What you will do —
Below is a listing; give only the number of its lines that contain the word "Purple".

-=-=-=-=-

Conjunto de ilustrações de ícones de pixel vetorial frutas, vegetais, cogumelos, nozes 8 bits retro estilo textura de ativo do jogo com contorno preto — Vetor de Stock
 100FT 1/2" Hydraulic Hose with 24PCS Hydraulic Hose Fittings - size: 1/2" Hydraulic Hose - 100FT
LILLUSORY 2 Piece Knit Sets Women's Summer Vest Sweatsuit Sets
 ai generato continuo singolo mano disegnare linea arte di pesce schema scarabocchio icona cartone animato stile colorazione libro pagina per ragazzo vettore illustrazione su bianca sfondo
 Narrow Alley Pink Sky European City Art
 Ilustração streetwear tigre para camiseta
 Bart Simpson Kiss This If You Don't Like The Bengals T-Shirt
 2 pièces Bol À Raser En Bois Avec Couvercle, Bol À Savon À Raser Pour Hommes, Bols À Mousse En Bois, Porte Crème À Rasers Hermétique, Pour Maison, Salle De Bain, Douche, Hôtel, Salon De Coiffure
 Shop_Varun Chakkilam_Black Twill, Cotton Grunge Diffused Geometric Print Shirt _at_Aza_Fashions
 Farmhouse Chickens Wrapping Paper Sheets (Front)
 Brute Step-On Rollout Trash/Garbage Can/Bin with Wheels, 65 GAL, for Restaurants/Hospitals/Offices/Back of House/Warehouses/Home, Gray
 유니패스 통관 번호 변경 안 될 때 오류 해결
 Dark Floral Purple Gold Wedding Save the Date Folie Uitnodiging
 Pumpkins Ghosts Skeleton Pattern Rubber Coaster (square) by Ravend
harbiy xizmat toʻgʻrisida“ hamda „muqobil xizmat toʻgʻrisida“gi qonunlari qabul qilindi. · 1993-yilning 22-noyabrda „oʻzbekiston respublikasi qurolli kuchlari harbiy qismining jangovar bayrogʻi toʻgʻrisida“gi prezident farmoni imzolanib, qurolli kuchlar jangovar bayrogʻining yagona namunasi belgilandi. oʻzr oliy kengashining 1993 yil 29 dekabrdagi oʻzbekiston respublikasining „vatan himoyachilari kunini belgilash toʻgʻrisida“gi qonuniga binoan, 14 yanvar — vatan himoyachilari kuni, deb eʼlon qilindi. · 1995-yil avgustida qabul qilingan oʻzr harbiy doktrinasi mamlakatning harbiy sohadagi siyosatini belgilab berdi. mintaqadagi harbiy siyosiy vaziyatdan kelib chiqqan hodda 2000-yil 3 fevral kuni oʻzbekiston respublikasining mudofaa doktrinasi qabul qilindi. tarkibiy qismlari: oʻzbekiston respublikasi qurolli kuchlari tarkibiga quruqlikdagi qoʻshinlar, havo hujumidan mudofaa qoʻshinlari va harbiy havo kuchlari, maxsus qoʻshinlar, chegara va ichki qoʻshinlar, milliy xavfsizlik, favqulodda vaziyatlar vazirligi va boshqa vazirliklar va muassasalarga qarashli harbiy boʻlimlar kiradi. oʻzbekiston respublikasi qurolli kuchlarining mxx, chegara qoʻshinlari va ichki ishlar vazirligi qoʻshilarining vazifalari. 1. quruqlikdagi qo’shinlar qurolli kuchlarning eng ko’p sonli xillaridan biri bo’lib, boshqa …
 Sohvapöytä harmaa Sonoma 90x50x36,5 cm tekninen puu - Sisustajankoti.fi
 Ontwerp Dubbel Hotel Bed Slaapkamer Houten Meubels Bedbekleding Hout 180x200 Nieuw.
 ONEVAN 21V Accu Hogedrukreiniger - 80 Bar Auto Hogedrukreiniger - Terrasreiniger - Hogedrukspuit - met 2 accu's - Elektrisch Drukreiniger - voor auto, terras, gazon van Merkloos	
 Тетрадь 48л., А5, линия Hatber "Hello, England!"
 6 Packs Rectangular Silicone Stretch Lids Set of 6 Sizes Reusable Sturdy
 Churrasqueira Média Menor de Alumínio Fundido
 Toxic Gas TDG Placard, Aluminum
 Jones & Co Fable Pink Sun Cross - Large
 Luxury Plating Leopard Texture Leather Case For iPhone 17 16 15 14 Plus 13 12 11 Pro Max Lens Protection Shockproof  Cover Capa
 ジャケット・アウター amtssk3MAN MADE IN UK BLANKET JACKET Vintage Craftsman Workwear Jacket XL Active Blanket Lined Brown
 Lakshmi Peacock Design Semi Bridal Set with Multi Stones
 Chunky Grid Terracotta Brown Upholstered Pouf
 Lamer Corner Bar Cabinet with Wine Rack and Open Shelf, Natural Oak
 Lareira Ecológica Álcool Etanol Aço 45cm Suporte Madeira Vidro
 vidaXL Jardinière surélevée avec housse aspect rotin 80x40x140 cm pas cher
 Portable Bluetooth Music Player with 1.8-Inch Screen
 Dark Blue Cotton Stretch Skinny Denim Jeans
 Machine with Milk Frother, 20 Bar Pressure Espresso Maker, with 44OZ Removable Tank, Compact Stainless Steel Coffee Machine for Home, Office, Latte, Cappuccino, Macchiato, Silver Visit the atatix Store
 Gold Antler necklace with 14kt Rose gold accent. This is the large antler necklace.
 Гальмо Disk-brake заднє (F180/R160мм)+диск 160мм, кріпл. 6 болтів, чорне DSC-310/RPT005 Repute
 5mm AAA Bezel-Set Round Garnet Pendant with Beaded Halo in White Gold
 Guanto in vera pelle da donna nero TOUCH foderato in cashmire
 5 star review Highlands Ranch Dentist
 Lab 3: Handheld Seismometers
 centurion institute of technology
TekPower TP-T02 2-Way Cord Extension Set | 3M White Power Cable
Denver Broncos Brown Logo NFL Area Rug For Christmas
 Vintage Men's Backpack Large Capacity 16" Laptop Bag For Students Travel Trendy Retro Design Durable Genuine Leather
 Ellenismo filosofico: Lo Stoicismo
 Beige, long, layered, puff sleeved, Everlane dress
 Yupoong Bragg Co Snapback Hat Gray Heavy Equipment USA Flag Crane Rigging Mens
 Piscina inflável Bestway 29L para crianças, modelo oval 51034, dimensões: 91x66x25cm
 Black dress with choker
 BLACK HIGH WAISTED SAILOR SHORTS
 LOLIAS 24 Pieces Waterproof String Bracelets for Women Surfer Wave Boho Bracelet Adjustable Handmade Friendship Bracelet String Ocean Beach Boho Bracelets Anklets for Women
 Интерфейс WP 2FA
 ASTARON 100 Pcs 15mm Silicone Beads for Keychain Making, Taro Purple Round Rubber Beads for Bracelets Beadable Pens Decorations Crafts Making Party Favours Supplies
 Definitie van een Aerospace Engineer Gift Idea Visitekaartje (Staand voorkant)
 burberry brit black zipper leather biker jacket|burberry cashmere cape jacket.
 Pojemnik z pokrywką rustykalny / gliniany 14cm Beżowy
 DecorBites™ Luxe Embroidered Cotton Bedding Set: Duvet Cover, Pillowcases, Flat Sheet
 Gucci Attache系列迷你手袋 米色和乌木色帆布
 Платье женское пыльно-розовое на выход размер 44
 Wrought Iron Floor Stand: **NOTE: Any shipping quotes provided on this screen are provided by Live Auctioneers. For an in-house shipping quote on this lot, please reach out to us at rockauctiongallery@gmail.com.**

-=-=-=-=-

Answer area —
2